2e solution : « Contemporain de l’imam Malik [† 705], Ibn Ishaq écrit à la demande du calife la première biographie de Mahomet… source de toutes les autres biographies apparues ultérieurement. On est à peu près un siècle et demi après le Prophète. C’est au cours de cette époque que vont être écrites les premières compilations de hadiths et que va se cristalliser cette version de l’islam qui nous est parvenue aujourd’hui. [À partir de cette première biographie], Ibn Ishaq [† 767] a écrit une biographie du Prophète [et] en a brossé un portrait sur mesure pour des califes sanguinaires ».

            M. Ali Malek affirme qu’il y a deux Corans dans le Coran – et c’est courageux de sa part quand on sait que le « Gandhi du Soudan », Mahmoud Muhammad Taha, a été pendu en 1985 pour avoir prétendu la même chose, ce qui a été considéré comme une apostasie par son gouvernement.

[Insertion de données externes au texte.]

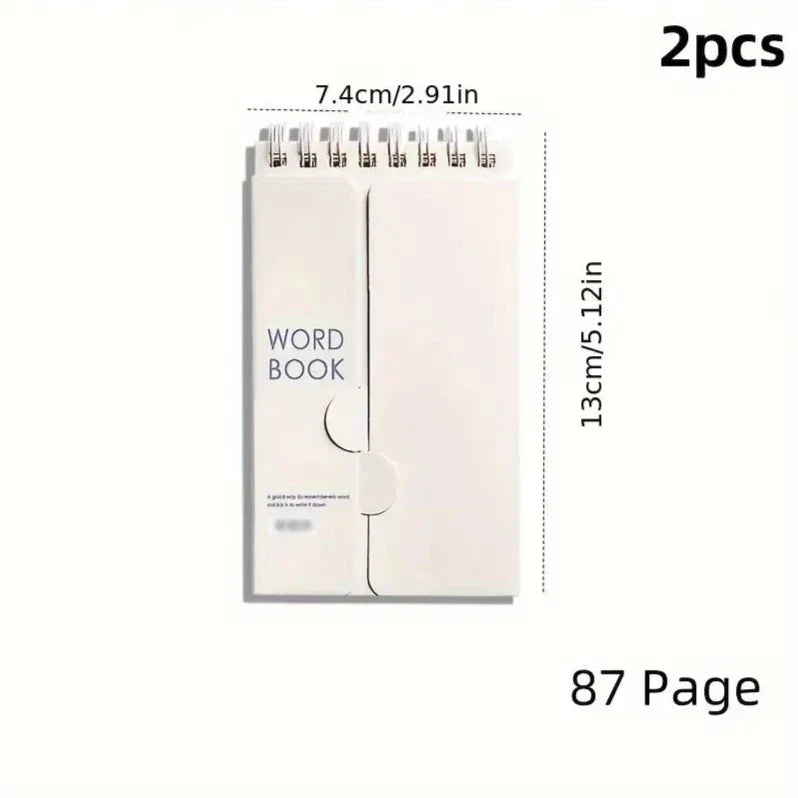 Spiral Vocabulary Word Book Portable Pocket Notebook Check List Cover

            Mais il ne peut pas aller plus loin. Dans Naissance du Coran, j’ai rassemblé les travaux de chercheurs qui proposent une toute autre version : le Prophète n’a pas « écrit lui-même les sourates », le Coran s’est formé sur une période de plus d’un siècle, à partir de la prédication de judéo-chrétiens syriens, les nazôréens. Ce noyau judéo-chrétien a ensuite été amplifié par les califes de Jérusalem, de Damas et peut-être même de Bagdad. Le texte final contient, dans un mélange inextricable, les catéchèses de ces nazôréens et un ensemble de législations califales plus tardives.

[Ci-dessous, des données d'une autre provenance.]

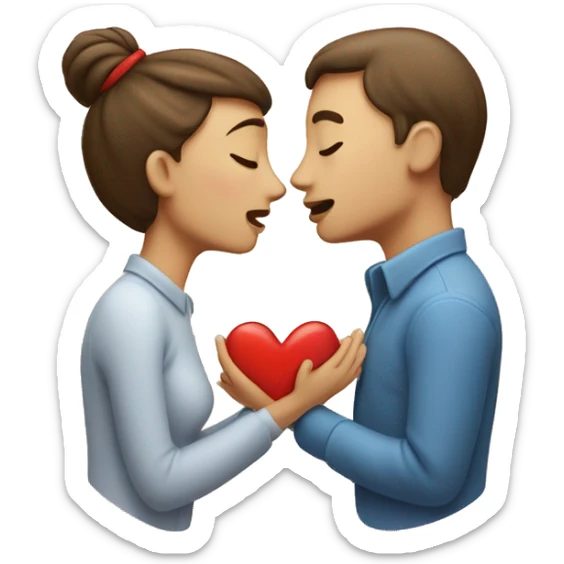 one man head and one woman head kiss with a heart in the middle , traditional emoji style character sticker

            Ce n’est donc pas la distinction entre ‘’période mecquoise’’ et ‘’période médinoise’’ qui permettrait aux musulmans de sortir de l’impasse, mais une exégèse historique et critique du texte, semblable à celle que les chrétiens ont entrepris, il y a près de deux siècles, sur la Bible. Ce qui leur a permis de faire le tri entre passages inspirés de Dieu et passages reflétant l’Histoire des six ou sept siècles sur lesquels la Bible a été écrite. D’y trouver l’apaisement, en eux et avec le reste du monde. De s’ouvrir enfin à la modernité.

Déni de réalité

            C’est pourquoi M. Ali Malek – comme tant d’autres – est obligé de nier la réalité quand il affirme dans Le Monde : « Y a-t-il un seul verset dans le Coran qui appelle à mettre à mort celui ou celle qui insulte le Prophète ? » Hélas, oui. Puisque « quiconque obéit au Prophète obéit à Dieu » (2), le Coran a forgé un nom composé, Allah-et-son-Prophète. Et il affirme : «  Vous ne devez jamais offenser le Prophète d’Allah… Allah maudit en ce monde et dans l’autre ceux qui offensent Allah-et-son-Prophète, il leur prépare un horrible châtiment (3).

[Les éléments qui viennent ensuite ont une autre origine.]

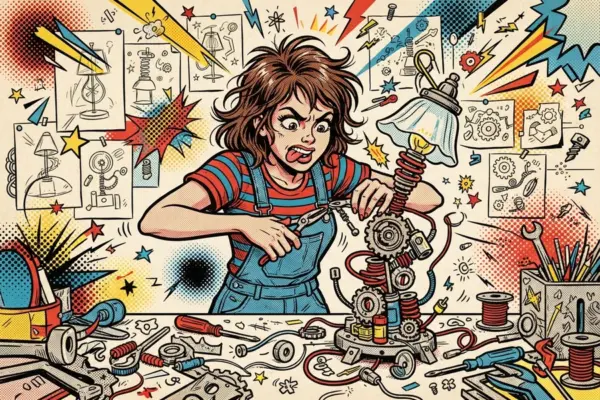 Illustration of a person building a mechanical lamp at a cluttered workbench surrounded by sketches.
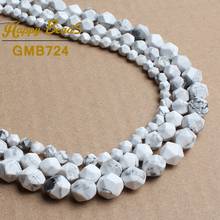 Wholesale Faceted White Turquoises Howlite Round Beads Natural Stone Beads For Jewelry Making DIY Bracelet 6/8/10mm 15inch 2024 - buy cheap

            Ou encore quand il affirme : « Aucun verset ne légitime le meurtre d’un blasphémateur, d’un hérétique ou d’un apostat. Aucun ! » Hélas, ces versets il y en a des dizaines. Par exemple : « Les chrétiens ont dit : Le Messie est fils de Dieu. Qu’Allah les tue ! » (4) « Prophète, combats les non-croyants et les hypocrites : sois dur avec eux ! Quand vous les rencontrez, frappez-les à la nuque jusqu’à ce que vous les ayez abattus ! » (5) Ces ‘’hypocrites’’ sont ceux qui ont pratiqué l’islam sans conviction et l’abandonnent – c’est-à-dire des apostats : « S’ils tournent le dos [à la vraie foi], dit le Coran, saisissez-les alors, et tuez-les où que vous les trouviez. » (6)

            Quand enfin M. Malek affirme que « le djihad offensif est interdit par le Coran », je ne peux que le renvoyer au chapitre 19 de Naissance du Coran, Djihad : l’appel au martyre, où je montre – textes à l’appui – que la guerre d’extermination menée contre les Juifs et les chrétiens (c’est-à-dire les occidentaux) est longuement prescrite et motivée dans le Coran.

            « Personne ne peut toucher directement au Coran… Il y a suffisamment de versets belliqueux dans le Coran pour réduire toute la planète en un amas de ruine (7) ».

Déni de réalité et Pensée Unique

            Ce déni de réalité, lié à l’interdiction de soumettre le Coran à la critique, les musulmans sont les premiers à en souffrir, et nous avec eux. Il alimente la Pensée Unique (8) que nous entendons ressassée à longueur d’antennes : « Pas d’amalgame ! Ne confondons pas bons musulmans et terroristes ! » Mais c’est au nom du Coran que les terroristes accomplissent leurs crimes, parce qu’ils trouvent dans ce texte largement de quoi alimenter leur haine.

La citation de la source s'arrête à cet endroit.